**GIVEN DATA:**
[Start of Attachment]

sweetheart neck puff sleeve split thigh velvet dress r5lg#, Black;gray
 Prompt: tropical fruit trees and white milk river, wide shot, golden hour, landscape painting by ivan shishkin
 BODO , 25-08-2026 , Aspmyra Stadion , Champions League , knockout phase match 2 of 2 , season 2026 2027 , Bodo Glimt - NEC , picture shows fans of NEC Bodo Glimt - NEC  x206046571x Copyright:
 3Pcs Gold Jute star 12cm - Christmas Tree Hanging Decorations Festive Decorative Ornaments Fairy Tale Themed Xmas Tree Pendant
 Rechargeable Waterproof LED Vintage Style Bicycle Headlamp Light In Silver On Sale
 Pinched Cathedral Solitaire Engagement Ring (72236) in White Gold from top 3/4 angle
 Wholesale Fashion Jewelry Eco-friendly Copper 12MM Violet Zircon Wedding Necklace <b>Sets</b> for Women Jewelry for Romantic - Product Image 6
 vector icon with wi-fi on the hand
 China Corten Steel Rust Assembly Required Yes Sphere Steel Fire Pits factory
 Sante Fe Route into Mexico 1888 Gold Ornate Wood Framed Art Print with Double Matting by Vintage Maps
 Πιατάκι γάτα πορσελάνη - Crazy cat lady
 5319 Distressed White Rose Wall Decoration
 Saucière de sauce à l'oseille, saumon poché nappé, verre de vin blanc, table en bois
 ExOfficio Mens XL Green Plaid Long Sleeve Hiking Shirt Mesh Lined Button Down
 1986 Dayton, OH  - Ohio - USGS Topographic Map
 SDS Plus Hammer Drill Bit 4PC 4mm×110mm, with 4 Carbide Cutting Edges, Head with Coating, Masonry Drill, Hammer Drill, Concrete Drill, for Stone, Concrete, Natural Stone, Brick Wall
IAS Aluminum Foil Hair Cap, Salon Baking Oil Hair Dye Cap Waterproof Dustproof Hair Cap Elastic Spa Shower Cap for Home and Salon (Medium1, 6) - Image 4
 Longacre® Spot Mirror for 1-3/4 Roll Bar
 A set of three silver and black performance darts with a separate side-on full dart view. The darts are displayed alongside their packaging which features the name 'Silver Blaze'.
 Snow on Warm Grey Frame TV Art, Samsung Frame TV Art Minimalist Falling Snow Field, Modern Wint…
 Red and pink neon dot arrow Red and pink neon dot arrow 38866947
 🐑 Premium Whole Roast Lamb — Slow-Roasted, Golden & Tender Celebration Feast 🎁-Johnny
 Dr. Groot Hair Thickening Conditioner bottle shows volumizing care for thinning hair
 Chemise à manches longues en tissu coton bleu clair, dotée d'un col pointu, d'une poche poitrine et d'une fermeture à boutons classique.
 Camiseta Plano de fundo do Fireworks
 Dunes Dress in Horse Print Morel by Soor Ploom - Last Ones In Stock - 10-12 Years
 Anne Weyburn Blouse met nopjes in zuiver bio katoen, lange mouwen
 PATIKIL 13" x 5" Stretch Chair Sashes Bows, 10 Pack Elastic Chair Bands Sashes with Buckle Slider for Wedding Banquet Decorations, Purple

[End of Attachment]

**TASK ITEM:** Lines that hold the word "Image" are the ones to copy from the entries above.

**WRITTEN ANSWER:**
 Wholesale Fashion Jewelry Eco-friendly Copper 12MM Violet Zircon Wedding Necklace <b>Sets</b> for Women Jewelry for Romantic - Product Image 6
IAS Aluminum Foil Hair Cap, Salon Baking Oil Hair Dye Cap Waterproof Dustproof Hair Cap Elastic Spa Shower Cap for Home and Salon (Medium1, 6) - Image 4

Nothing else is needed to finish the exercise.